On January 3rd, my arch-enemy (see earlier post about the arch-enemy/nemesis dichotomy) Leigh Stein’s first novel comes out. It’s called The Fallback Plan, and I suspect it’s probably really good. Right now I’m only able to review Gravity’s Rainbow, although if I know Leigh, there are probably plenty of guys in her book who can make V-2 rockets fall from the sky simply by having a boner. That link is probably her Amazon referral thing, so she’ll get money if you buy it that way, besides the money she’ll already get, which I don’t know how publishing works, so maybe it’s a dollar? two dollars? Certainly, it’s American currency, whatever it is. She’s also got a collection of poetry coming out in June, but that is something like a million years away.

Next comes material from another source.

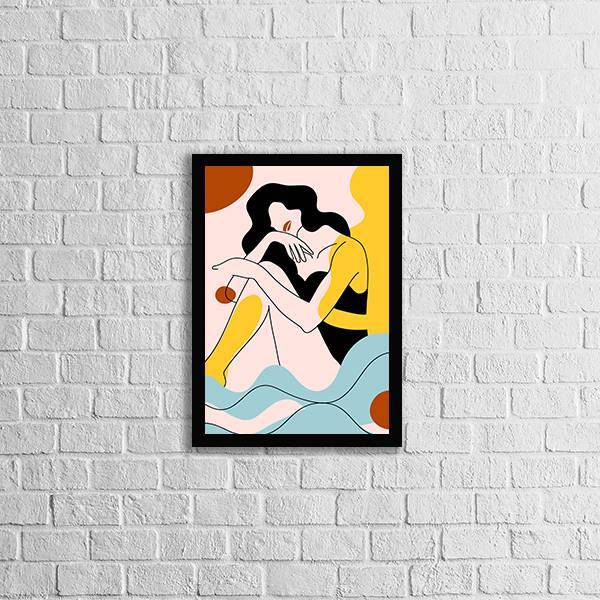 Quadro Figurativo Série Mulher Verão 2 33x24cm - Com Vidro Mo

She has a website, sure, but it’s one of those Blogger affairs because apparently having two books in the offing doesn’t warrant a nice website with a Flash opening that lets you play whack-a-mole with little Leigh Stein heads popping out of holes in the interwebs.

Also: Naturi Thomas’s book, How To Die In Paris, is totally still out, and you should buy that, too. Her website is totally legit to boot. For the ladies keeping track of who’s having an easier time getting published, that’s 3 to 1 (I’m counting Ivy Pochoda’s The Art Of Disappearing as well), with women I know getting published at a rate of four books to every one book by a guy I know.

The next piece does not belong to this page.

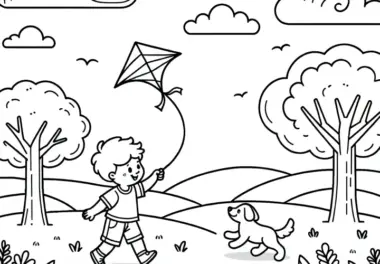 Kind mit Hund lässt Drachen steigen im Herbst: Malvorlage zum Download (Gratis)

In a bid to replace the demo version of “Criminal Mastermind” on the eventual soundtrack for The Prospects, I stole a friend’s diaphragm microphone, my roommate’s M-Audio MobilePre, opened up Garage Band and recorded this version, which isn’t going to be used, so I might as well post it here. Don’t ask me why I decided it’d be a good idea to throw a little rock organ behind the chorus.